I tried to remain spiritually pure, but must admit to slightly perusing a newspaper that had a photograph of ultrareactionary corporate flack Ann Coulter posing in a bathing suit after she grossly insulted Bush-bashing widows of 9-11 victims, labeling them as ungrateful harpies. And then there was the bookstore in the one-gas station town of Chiloquin. The unshaven proprietor told me he had voted for George W. Bush twice, but is "now disappointed in him." He then inquired if I listened to his favorite radio shock jock, Michael Savage. I mumbled something about fascist homophobes and walked away.
The only laugh in that part of Klamath County was seeing a dime store named
Bi-Mart. Well, there was the fish hatchery where "prize rainbow trout" are trained to bite bait. Then they are released into wild streams for sporting fisherpeople to catch.
But the owner of the scraggly lake resort where we stayed was refreshing. Right off the bat, he announced that he never watches television, never reads newspapers and loathes the corporate sludge running the country. I enjoyed talking to him, although there were a few unsettling notes. When I told him that we had hiked to the Umpqua hot springs, he frowned, "Were all the
people naked?"
I mumbled, "Not all," but, in truth, we were all naked as blue jays. A huge percentage of the dozen or so cool people in south central Oregon were at the springs recognizing each other with relief.

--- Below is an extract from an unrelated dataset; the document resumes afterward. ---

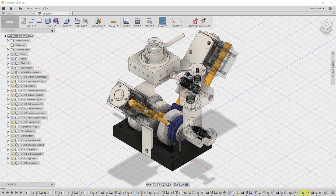In this tutorial, we are going to talk about exporting your Fusion 360 design as a 3D PDF document.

When we took our leave of the corn-dog-serving resort, the owner asked me if I could "get behind a cause." I said sure, expecting outrage at the county government or OSHA.
"Those fucking abortionists!" he snarled.
Driving north we visited some great waterfalls in Toketee, but I have to tell you: Do not ever go to Oregon in June, or you will be tortured to death by mosquitoes as hungry
as Bush vultures feasting on Iraq reconstruction contracts!
The flag at the post office in Toketee flew at half-mast. My heart pounding with emotion, hoping against hope, I inquired if the president had died. Nope, just another local soldier exploded in Iraq.
Finally, we arrived back at Klamath Falls to catch the Coast Starlight back to civilization. Oops, it arrived 10 and a half hours behind schedule, so we had to hole up in a crummy motel with severe earthquake damage that would have caused it to be shut down in any sane state. The trip home took twice as long as it should have because the train was constantly sidelined due to freight priorities. We did OK in the expensive sleeper car, but those families traveling coach had no food, no clean toilets and only one movie to watch: about a man who believes he is a dog.
We kissed the ground of Sonoma County upon return.